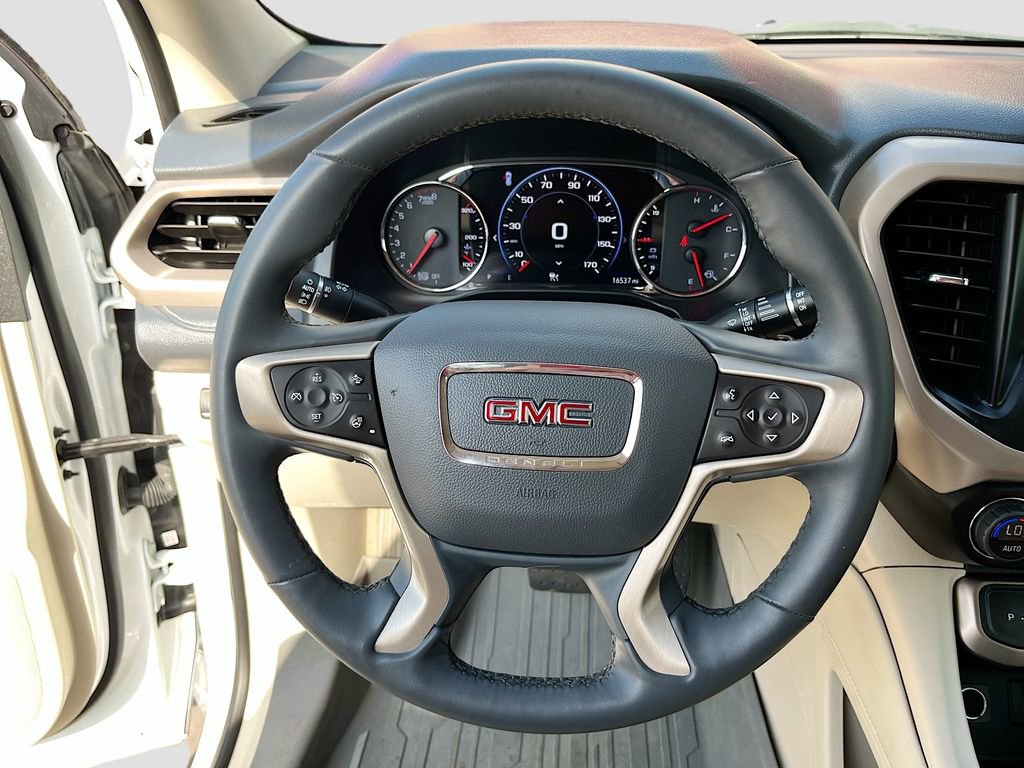 Used 2023 GMC Acadia Denali w/ Denali Ultimate Package image 11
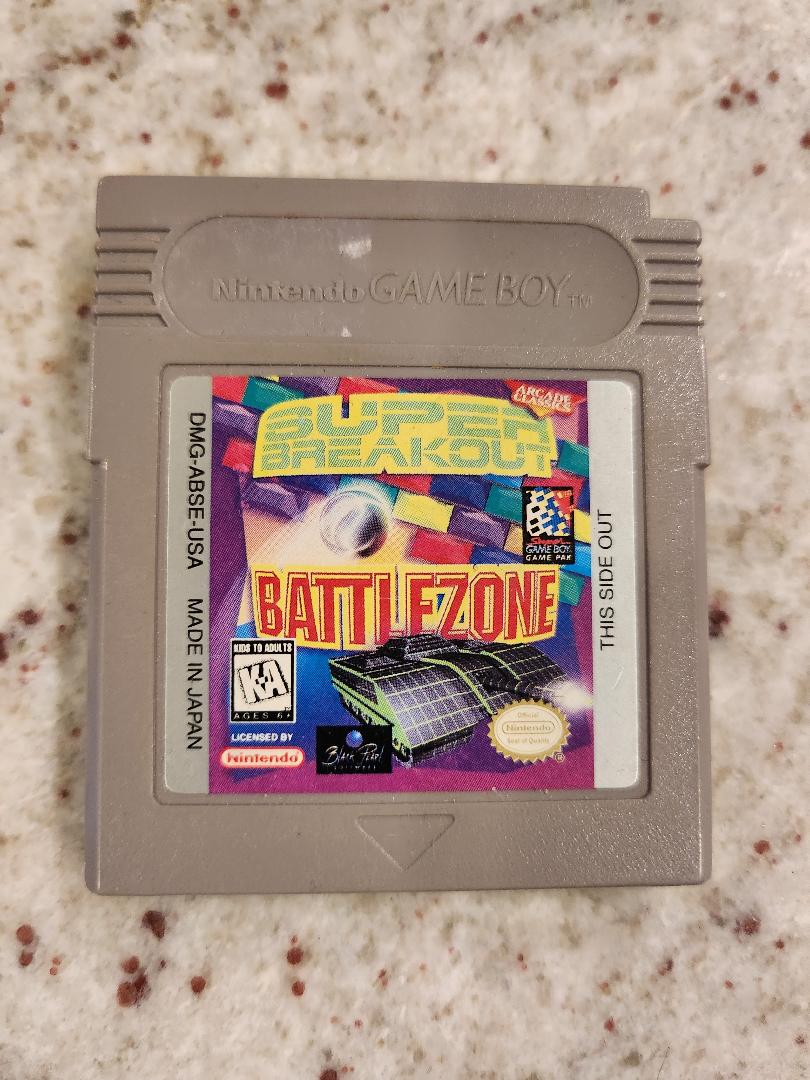 Zona de batalla y Super Breakout Gameboy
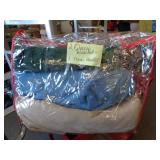 2 - QUEEN BLANKETS & 1 THROW BLANKET 2 - QUEEN BLANKETS & 1 THROW BLANKET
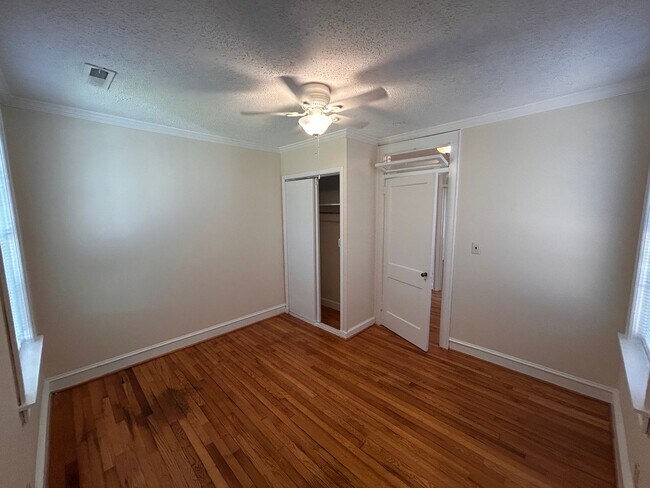 Building Photo - Charming 2 Bedroom Home in Hanahan's Highland Park neighborhood!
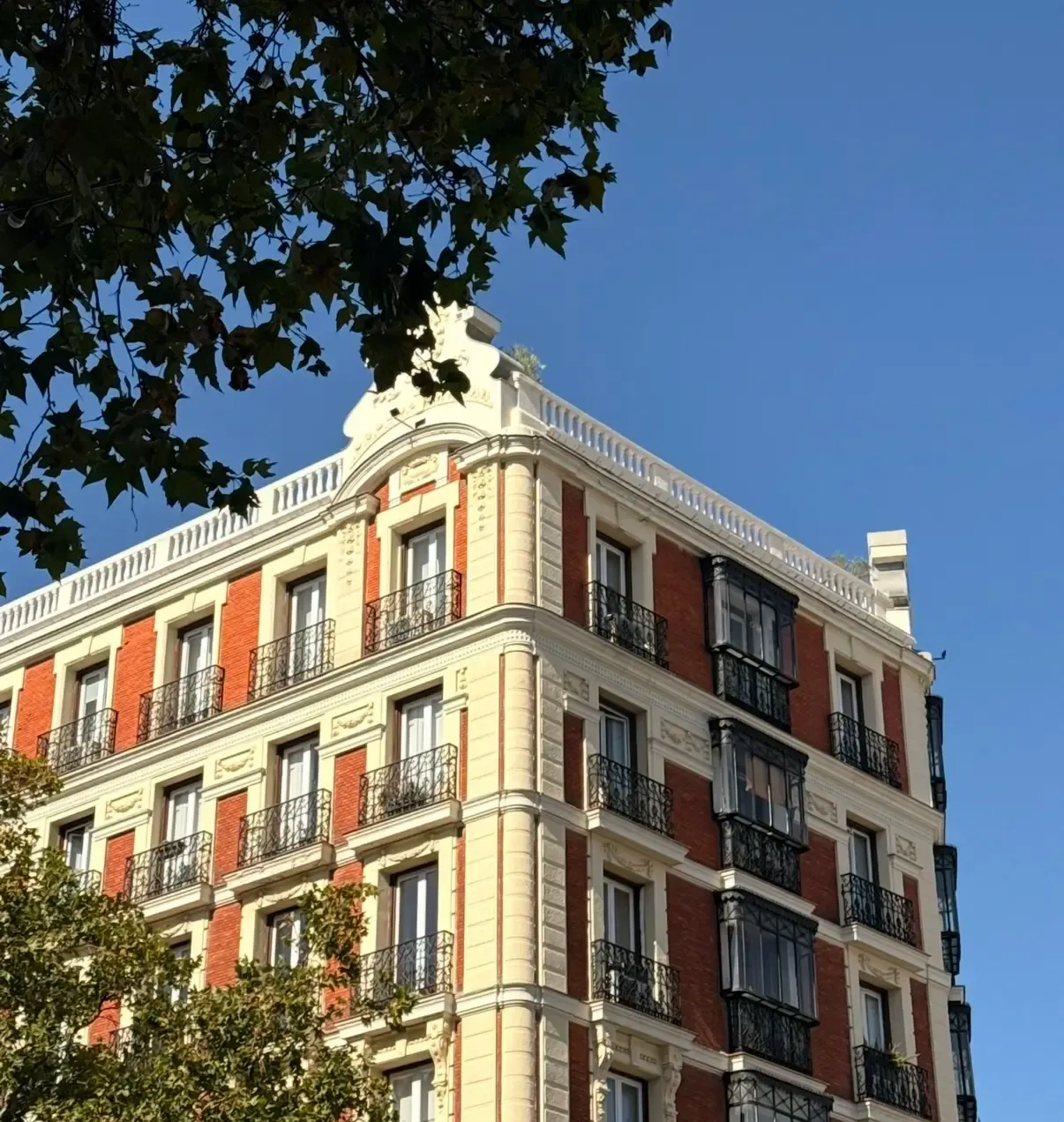 Terrasse animée à Madrid avec des gens qui partagent des tapas sous le soleil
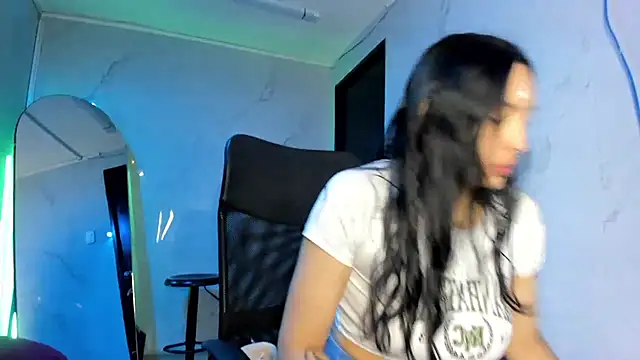 ChloeeTompson  online show from October 2025 02:41:02 AM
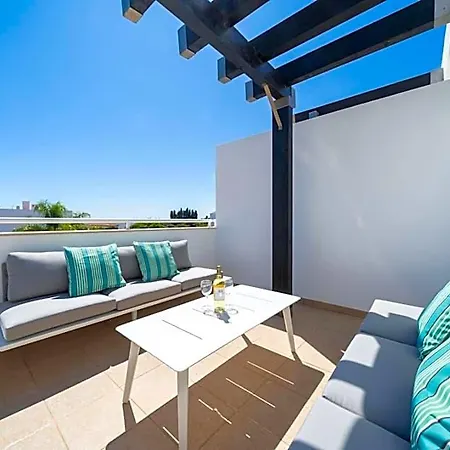 Fresh & Breezy Tavira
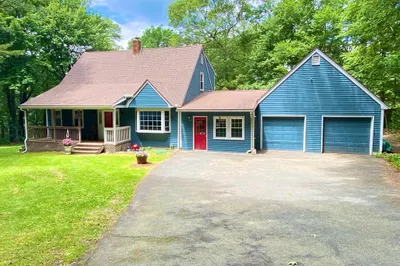84 Breakneck Rd 1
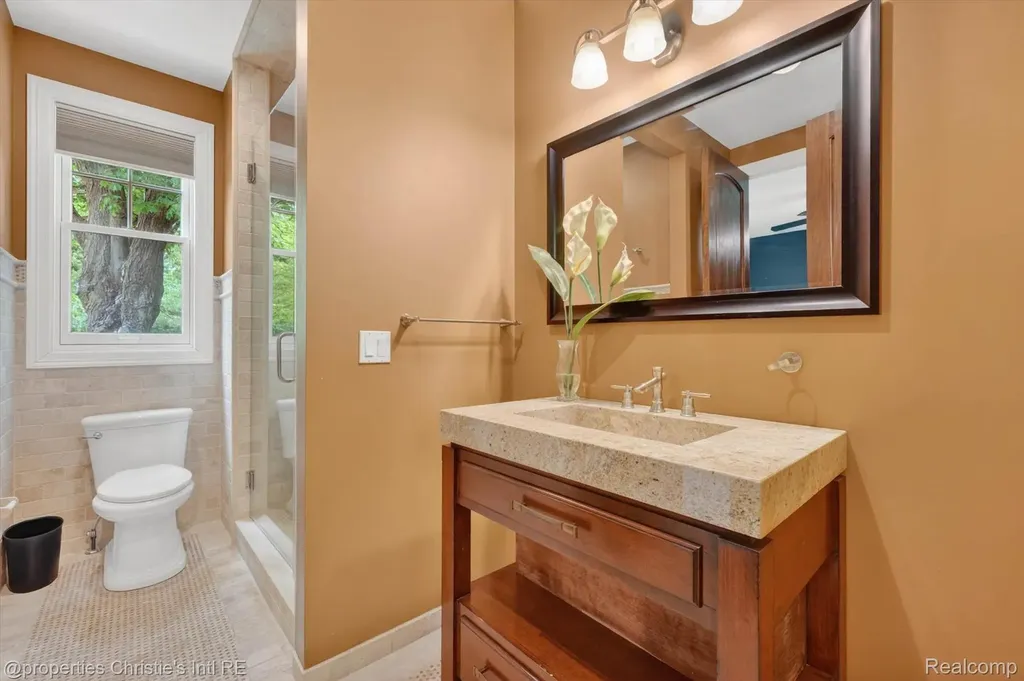 1330 Oxford Road Bloomfield Charter Township MI 48304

▶ _DESCRIPTION OF THE TASK_
Nothing but the lines from the one with "2025 02:41:02 AM" through the last line of the records should appear in your answer, each exactly as written and without pictures.

▶ _EXERCISE OUTPUT_
 ChloeeTompson  online show from October 2025 02:41:02 AM
 Fresh & Breezy Tavira
84 Breakneck Rd 1
 1330 Oxford Road Bloomfield Charter Township MI 48304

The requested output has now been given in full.